Fotelik rowerowy czy przyczepka – co wybrać?
Wycieczki rowerowe z dzieckiem to niezapomniana atrakcja. Przede wszystkim trzeba jednak myśleć o bezpieczeństwie, aby nie narażać malucha na ryzyko wypadku. W czym lepiej więc go przewozić – w foteliku czy przyczepce? Porównujemy wady i zalety obu rozwiązań.
Zanim zdecydujemy się na to, w czym na rowerze przewozić dziecko, trzeba zadać sobie kilka pytań, które mogą dokonać właściwego wyboru.
Ważny jest przede wszystkim wiek dziecka. W przyczepce można przewozić malca już od 6-8 miesiąca życia, z kolei, aby włożyć go do fotelika, maluch musi stabilnie siedzieć i trzymać głowę. Według ekspertów powinien mieć ukończone 12 miesięcy.
Warto również zastanowić się, jaki budżet chcemy przeznaczyć na ten zakup, czy sprzęt będzie często w użytku, czy mamy, gdzie go przechowywać oraz jaką liczbę dzieci planujemy wozić.

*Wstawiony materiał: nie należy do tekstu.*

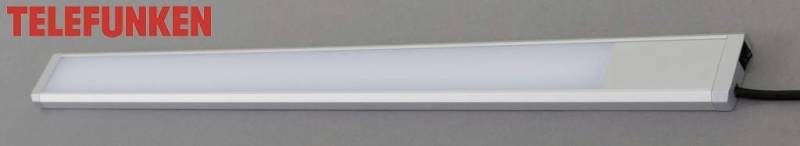 Telefunken LED Unterbauleuchte Uto 57,5 cm Wippschalter, silberfarben von Telefunken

Fotelik rowerowy – wady i zalety
Fotelik skierowany jest do większych dzieci, które bez problemu utrzymują głowę. Warto również pamiętać, że dla zwiększenia bezpieczeństwa maluch powinien założony kask.
W foteliku dziecko ma bezpośredni kontakt z rodzicem i bardzo łatwo może go poinformować, gdy coś się dzieje.
Zaletą fotelika jest również to, że jest lżejszy i tańszy od przyczepki. Zajmuje także mniej miejsca, gdy chcemy go przechować.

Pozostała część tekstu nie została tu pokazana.